-- Directions --
Tell how many lines in the data below contain "installation", using one number as the whole reply.

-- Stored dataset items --
|---|

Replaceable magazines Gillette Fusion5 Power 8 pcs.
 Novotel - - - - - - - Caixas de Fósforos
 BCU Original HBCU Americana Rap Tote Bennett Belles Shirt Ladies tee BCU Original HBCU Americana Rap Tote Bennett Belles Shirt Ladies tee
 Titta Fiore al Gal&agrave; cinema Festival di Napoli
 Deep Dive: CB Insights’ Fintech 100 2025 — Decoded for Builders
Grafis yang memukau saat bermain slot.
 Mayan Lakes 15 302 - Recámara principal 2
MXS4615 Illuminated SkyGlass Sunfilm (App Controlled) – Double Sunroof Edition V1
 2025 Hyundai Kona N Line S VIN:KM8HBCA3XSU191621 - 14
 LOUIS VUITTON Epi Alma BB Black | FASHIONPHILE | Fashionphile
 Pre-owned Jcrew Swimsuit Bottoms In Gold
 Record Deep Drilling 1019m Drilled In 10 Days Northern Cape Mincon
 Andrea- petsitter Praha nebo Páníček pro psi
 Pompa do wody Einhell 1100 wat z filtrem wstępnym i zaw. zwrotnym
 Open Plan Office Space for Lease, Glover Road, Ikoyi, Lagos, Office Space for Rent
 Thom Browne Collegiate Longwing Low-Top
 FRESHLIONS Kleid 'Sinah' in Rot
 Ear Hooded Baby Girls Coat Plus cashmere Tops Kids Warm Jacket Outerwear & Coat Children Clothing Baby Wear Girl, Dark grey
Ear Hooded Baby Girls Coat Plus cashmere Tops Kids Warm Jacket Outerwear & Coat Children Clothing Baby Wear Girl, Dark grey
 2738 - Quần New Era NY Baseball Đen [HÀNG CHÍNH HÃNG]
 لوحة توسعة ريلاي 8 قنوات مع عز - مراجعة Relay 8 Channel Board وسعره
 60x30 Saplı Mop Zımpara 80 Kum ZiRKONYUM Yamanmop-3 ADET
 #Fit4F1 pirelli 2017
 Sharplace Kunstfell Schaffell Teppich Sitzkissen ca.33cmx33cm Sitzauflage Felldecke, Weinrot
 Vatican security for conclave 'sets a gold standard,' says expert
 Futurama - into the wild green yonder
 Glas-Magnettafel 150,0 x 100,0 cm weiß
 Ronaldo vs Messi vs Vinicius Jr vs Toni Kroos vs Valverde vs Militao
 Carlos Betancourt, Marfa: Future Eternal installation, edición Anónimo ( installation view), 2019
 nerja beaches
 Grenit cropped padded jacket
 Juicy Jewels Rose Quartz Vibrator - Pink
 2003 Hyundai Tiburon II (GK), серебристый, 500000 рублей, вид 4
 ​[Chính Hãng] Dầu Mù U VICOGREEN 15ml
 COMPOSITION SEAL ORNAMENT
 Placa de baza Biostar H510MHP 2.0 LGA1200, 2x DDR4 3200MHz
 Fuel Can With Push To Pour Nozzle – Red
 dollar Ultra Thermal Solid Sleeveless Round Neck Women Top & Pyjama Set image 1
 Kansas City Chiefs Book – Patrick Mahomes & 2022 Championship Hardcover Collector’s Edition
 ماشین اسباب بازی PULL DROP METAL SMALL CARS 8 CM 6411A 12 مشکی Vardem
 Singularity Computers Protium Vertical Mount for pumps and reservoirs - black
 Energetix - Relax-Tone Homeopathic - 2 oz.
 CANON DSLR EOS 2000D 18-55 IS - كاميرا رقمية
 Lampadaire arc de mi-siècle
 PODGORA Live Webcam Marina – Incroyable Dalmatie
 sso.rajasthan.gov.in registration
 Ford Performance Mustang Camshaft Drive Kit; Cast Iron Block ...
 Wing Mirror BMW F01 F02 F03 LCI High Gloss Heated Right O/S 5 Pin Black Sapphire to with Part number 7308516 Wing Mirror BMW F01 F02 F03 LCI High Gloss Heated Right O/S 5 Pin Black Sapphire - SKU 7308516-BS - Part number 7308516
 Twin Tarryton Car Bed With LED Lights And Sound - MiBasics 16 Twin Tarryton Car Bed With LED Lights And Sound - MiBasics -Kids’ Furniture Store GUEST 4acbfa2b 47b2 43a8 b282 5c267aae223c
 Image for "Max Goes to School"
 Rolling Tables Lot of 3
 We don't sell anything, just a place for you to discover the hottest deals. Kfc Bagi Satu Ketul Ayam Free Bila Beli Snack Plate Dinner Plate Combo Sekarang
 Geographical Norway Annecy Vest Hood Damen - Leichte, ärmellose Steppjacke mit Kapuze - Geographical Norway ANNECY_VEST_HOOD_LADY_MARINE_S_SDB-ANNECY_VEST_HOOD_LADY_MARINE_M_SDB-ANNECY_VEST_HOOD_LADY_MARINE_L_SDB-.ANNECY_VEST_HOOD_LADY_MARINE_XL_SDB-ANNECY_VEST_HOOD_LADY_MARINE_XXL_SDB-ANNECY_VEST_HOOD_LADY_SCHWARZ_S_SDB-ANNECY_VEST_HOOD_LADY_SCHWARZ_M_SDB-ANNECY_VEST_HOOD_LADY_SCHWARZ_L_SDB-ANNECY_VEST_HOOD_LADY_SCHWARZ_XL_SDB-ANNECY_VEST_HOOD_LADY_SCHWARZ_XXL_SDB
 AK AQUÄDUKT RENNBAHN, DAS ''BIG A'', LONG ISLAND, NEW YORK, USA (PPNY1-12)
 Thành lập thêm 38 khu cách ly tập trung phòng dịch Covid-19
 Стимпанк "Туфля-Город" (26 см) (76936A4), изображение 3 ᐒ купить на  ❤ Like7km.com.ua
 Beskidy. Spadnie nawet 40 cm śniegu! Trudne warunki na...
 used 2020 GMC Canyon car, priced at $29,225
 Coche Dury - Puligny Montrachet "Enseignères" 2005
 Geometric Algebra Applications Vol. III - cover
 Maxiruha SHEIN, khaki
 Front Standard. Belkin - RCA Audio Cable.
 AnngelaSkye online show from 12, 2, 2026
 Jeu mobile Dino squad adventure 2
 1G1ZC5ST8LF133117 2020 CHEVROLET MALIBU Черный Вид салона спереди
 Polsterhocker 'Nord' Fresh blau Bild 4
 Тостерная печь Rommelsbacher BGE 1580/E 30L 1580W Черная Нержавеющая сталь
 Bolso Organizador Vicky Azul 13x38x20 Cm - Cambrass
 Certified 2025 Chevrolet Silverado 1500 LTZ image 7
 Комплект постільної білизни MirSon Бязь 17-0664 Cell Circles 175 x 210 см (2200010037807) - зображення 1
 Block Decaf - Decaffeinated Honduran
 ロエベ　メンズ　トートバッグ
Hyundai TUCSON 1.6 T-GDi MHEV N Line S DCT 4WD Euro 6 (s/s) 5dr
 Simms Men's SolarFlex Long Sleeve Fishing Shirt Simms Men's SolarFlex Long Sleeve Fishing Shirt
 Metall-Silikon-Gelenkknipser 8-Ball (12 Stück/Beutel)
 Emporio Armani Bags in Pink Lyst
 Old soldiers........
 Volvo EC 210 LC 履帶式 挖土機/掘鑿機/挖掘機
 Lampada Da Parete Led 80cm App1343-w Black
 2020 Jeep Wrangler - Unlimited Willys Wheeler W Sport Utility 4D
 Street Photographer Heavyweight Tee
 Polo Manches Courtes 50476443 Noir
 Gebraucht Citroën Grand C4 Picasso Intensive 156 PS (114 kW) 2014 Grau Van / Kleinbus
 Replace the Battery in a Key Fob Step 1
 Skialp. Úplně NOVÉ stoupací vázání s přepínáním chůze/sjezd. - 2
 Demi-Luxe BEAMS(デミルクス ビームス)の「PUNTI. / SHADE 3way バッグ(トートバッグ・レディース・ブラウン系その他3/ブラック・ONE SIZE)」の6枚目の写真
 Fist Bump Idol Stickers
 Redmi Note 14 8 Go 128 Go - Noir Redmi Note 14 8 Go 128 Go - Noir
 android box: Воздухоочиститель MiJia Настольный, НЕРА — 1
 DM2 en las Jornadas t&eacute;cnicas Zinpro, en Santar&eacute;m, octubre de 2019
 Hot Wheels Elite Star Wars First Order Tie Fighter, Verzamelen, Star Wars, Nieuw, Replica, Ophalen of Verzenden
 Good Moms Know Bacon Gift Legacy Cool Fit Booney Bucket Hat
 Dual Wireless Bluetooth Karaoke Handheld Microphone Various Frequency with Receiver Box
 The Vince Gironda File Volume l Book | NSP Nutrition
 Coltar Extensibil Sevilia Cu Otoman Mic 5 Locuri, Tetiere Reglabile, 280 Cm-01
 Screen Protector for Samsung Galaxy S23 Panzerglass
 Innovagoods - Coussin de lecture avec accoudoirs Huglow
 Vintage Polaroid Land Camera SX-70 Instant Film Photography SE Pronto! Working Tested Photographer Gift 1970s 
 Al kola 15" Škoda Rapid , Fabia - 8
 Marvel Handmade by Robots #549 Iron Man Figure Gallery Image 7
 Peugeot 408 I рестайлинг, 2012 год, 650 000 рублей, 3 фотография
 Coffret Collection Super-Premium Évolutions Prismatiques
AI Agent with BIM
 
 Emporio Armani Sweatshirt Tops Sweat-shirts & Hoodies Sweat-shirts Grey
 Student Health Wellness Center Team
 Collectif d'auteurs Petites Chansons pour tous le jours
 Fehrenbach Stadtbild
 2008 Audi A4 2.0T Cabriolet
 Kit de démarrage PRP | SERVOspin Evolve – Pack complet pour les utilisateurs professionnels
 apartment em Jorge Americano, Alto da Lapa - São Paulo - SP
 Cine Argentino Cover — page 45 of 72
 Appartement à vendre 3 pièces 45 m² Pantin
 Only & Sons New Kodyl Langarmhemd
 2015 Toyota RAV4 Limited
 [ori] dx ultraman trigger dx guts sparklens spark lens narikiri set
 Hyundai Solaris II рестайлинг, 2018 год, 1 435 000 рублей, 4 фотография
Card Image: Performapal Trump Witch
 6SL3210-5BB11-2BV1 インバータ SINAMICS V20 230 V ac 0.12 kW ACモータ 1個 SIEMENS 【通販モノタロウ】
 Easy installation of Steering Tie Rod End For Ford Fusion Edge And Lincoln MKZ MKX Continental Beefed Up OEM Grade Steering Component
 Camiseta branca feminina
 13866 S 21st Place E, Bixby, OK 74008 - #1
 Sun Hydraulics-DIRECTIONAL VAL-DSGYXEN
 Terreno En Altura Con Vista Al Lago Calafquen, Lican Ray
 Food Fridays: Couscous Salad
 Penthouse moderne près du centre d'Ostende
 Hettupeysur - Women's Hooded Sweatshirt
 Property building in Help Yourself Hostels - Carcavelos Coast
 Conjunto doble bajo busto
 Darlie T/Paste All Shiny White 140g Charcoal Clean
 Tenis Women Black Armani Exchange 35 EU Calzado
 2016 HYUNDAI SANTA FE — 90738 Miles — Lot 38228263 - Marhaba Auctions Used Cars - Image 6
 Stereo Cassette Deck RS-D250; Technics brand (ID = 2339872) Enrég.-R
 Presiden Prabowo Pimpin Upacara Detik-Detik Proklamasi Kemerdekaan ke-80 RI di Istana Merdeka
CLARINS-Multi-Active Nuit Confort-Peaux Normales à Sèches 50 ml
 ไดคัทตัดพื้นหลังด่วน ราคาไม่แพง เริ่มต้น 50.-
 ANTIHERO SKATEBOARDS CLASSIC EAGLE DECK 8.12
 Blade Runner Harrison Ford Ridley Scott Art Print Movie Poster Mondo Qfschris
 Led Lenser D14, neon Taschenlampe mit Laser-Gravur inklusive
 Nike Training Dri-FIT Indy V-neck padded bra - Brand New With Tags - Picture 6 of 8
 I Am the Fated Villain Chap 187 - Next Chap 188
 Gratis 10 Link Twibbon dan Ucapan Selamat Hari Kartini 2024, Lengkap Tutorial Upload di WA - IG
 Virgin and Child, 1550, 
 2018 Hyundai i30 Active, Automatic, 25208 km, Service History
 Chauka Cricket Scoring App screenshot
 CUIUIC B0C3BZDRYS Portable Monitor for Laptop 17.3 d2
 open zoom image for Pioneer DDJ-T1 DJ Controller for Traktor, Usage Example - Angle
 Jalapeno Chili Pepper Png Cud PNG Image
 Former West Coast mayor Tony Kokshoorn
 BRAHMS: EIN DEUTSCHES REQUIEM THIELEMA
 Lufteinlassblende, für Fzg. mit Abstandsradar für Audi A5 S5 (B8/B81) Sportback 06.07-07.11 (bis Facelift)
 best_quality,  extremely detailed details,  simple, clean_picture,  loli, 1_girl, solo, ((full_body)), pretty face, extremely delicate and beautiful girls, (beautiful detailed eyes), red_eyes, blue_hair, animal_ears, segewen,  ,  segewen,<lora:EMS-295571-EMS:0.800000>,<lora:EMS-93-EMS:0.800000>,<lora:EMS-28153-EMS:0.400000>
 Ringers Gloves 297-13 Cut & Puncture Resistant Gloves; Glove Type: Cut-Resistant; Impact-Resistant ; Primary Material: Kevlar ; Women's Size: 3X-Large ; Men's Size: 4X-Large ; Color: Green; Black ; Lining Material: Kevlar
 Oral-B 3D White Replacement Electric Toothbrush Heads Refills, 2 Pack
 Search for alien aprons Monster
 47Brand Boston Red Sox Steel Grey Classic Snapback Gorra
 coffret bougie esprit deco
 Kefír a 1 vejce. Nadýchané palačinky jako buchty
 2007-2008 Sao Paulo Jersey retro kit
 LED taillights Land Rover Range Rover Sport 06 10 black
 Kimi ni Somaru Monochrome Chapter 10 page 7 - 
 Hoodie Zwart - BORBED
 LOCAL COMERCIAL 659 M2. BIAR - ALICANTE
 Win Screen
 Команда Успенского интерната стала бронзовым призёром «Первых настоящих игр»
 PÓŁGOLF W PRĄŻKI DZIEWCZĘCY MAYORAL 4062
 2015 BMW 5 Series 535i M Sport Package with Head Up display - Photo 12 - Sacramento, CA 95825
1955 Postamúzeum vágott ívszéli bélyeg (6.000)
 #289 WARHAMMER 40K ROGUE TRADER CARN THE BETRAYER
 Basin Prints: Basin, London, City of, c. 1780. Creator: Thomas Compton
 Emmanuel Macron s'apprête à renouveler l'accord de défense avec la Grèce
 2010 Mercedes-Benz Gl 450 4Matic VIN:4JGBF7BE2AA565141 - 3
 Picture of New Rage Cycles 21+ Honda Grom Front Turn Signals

|---|

-- Task result --
2